--- GIVEN ENTRIES Enclosed Below ---

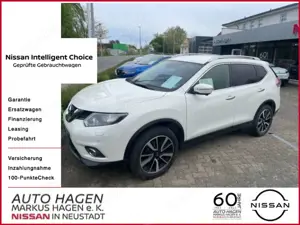 Nissan X-Trail N-Connecta 4x4 dci 19" GJR AHK Navi 360°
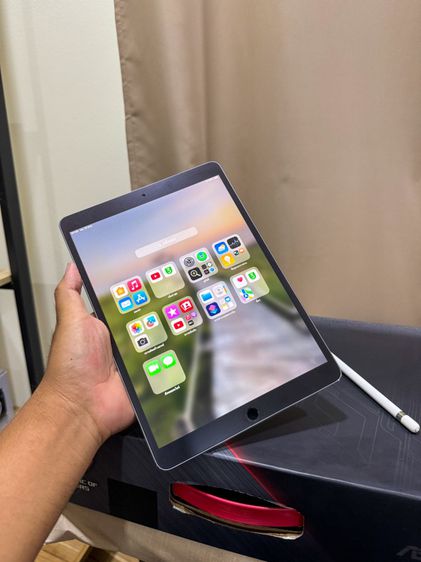 iPad Pro 10.5 64GB Space Gray Wi-Fi Cellular สภาพหล่อๆ ดูหนัง ฟังเพลง วาดภาพ เล่นเกม จอ 120Hz ลื่นๆ รูปที่ 5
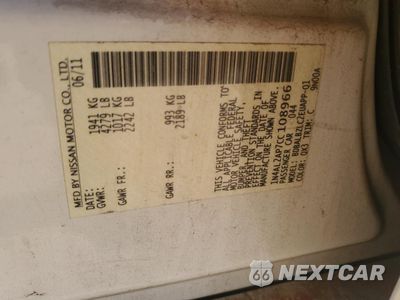 Zdjęcie 12 z 12 samochodu: 2012 NISSAN ALTIMA BASE VIN:1N4AL2AP7CC108966 - miniatura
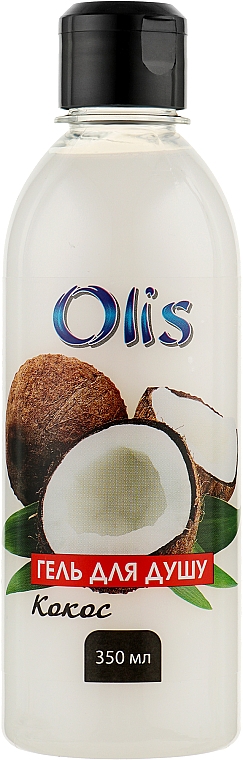 Kokosowy żel pod prysznic - Olis Coconut Shower Gel — Zdjęcie N1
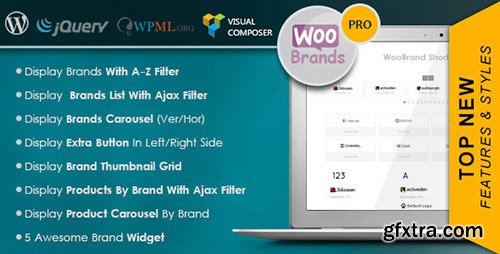 CodeCanyon - WooCommerce Brands v4.2.0 - 8039481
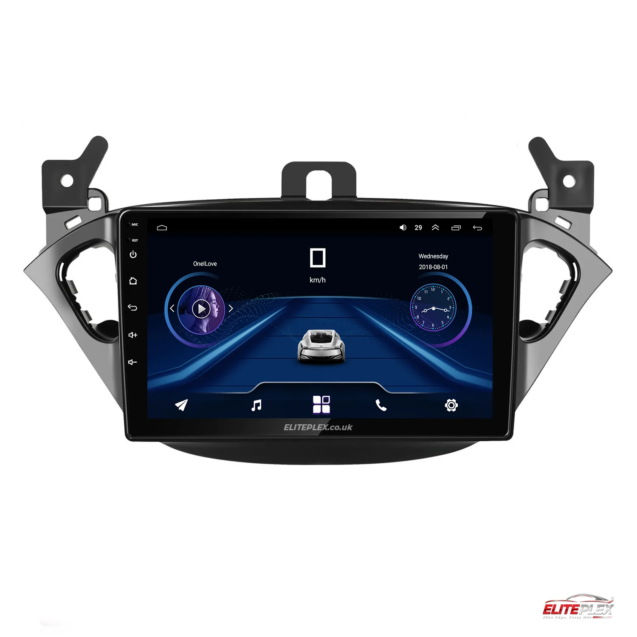 Vauxhall Corsa 2014-2019 Android Carplay Radio GPS
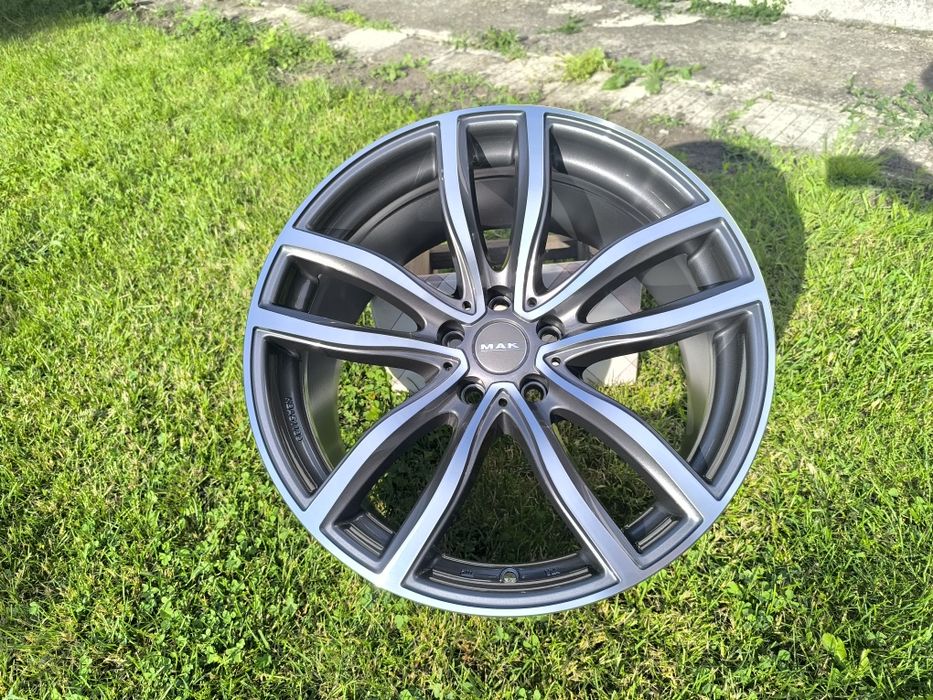 19 цола джанти MAK FAHR 5х112 Mercedes ML GL AUDI A8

--- End of Enclosed GIVEN ENTRIES ---

## DIRECTIONS FOR THIS TASK
The final stretch of the data, from the line with "iPad Pro 10.5" through its last line, is to be retyped exactly; pictures are not part of the copy.

## ANSWER BELOW
 iPad Pro 10.5 64GB Space Gray Wi-Fi Cellular สภาพหล่อๆ ดูหนัง ฟังเพลง วาดภาพ เล่นเกม จอ 120Hz ลื่นๆ รูปที่ 5
 Zdjęcie 12 z 12 samochodu: 2012 NISSAN ALTIMA BASE VIN:1N4AL2AP7CC108966 - miniatura
 Kokosowy żel pod prysznic - Olis Coconut Shower Gel — Zdjęcie N1
 CodeCanyon - WooCommerce Brands v4.2.0 - 8039481
 Vauxhall Corsa 2014-2019 Android Carplay Radio GPS
 19 цола джанти MAK FAHR 5х112 Mercedes ML GL AUDI A8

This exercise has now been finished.